Growing up, we always went to the family-friendly Mass in the late afternoon on Christmas Eve. It was standard stuff: kids dressed up and reciting the same sweet lines every year, as angels and shepherds (“Glory to God in the highest!”) and innkeepers (“No room, no room! Go away, go away!”) and a donkey (“Clip clop, clip clop”) and some trees even (“Swish, swish“). And faithful Mary and Joseph, too (“My wife, Mary, is having a baby. It is hard for her to travel,” and, “Don’t worry, dear Joseph: God is watching over us”). Years and years after we had graduated from the ranks of the participants, my sister and I loved to go to this Mass and relive our glory days of filling those roles, remembering with too much pride having graduated last of all to the coveted role of narrator.

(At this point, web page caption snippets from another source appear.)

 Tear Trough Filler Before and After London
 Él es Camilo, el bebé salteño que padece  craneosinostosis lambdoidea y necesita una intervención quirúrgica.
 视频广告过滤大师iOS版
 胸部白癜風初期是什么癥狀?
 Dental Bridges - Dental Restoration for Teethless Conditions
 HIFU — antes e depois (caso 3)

But the pageantry and cute little angels were never the highlight of the Christmas Eve Mass. I wish I could say the celebration of the Eucharist or the stirring homily was. But no. The highlight came after the children had sung and signed the first verse of “Silent Night,” when the sanctuary was darkened, lit only by candles and the white lights on the wreaths and trees. That’s when we would hear the faint jingle of bells and the door to the church opening. Silently, silently, Santa would enter the sanctuary and walk down the center aisle. He would reach the altar; genuflect and pray silently for a good, long moment; cross himself; and turn to leave. No candy canes, no ho-ho-hos, no reindeer or elves or presents. Just the worldly king of Christmas bowing to the King Himself.

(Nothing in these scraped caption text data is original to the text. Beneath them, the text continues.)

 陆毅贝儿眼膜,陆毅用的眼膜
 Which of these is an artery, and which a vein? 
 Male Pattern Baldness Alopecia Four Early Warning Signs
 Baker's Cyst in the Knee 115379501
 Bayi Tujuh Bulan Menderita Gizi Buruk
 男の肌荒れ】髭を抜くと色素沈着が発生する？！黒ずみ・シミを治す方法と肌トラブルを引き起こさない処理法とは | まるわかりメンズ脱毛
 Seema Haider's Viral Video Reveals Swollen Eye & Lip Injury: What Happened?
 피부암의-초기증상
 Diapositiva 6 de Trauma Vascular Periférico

“[A]t the name of Jesus every knee should bow, in heaven and on earth and under the earth, and every tongue confess that Jesus Christ is Lord, to the glory of God the Father” (Philippians 2:10-11).

I think some of the older people were bothered that Santa should sully the mass so. I know many of the littlest children took no notice of what exactly Santa was doing, filled as their heads were with visions of sugar plums and flying reindeer and bulging stockings. But this simple moment in the Mass brought tears to many more people’s eyes. For a moment—just a moment—Christmas and all its trappings were put right back in their place: the manger of the Christ child.

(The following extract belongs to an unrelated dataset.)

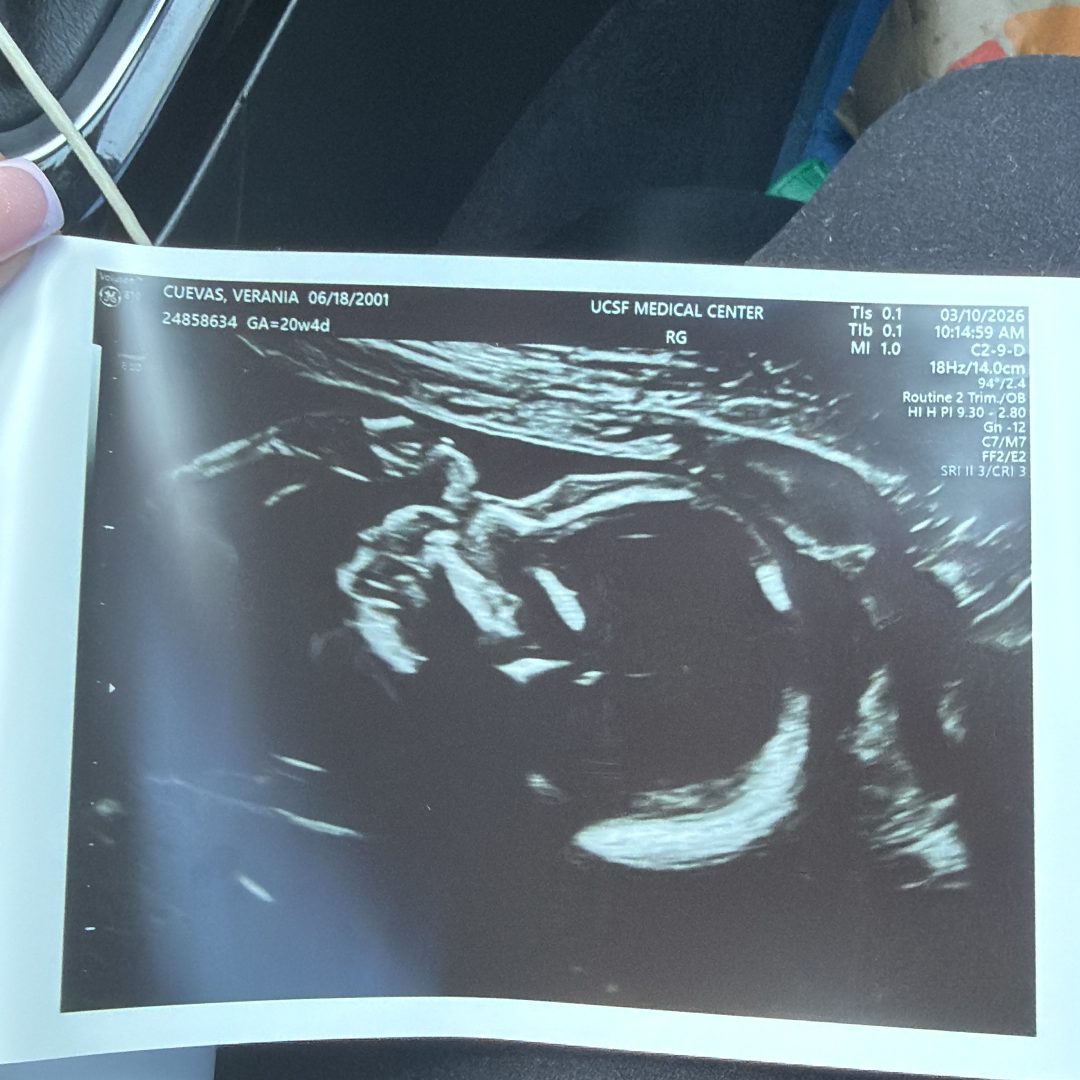 Photo shared by Verania for their Babylist baby registry.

King of Christmas or no, this season and this day are about nothing but bowing the knee to the Prince of Peace. No matter how many gifts we get or don’t get, no matter whether they’re the right size or not, there’s only one Perfect Gift that we need: we’ve already got it, and it fits like nothing else could. It’s a little bit of the “already and not yet” so familiar from sermons and Bible studies and Christian books. The King has already come—Praise the Lord!—but we spend this season waiting. He has already been born, has already saved us, has already suffered and died, has already risen and ascended. Yet we wait in this too-busy season intended for silence and anticipate His coming again. In all of our busy-ness of shopping and decorating and baking and giving and receiving and ho-ho-hoing, may we not forget that it all bows the knee at the feet of the coming-and-already-come King.


Meredith said...

I always teared up too, D.

Patricia Berman said...

As did I....I miss those days

mathmom said...


This was so totally not how I imagined the piece ending. I almost gave up reading the paragraph where Santa showed up in the mass. "Just another treatise bemoaning the commercialization of Christmas," I thought. I had to go back and reread that paragraph after I got to the end and realized I was missing something. The image of Santa kneeling at the cross is perfect, one that will stay with me. Thanks.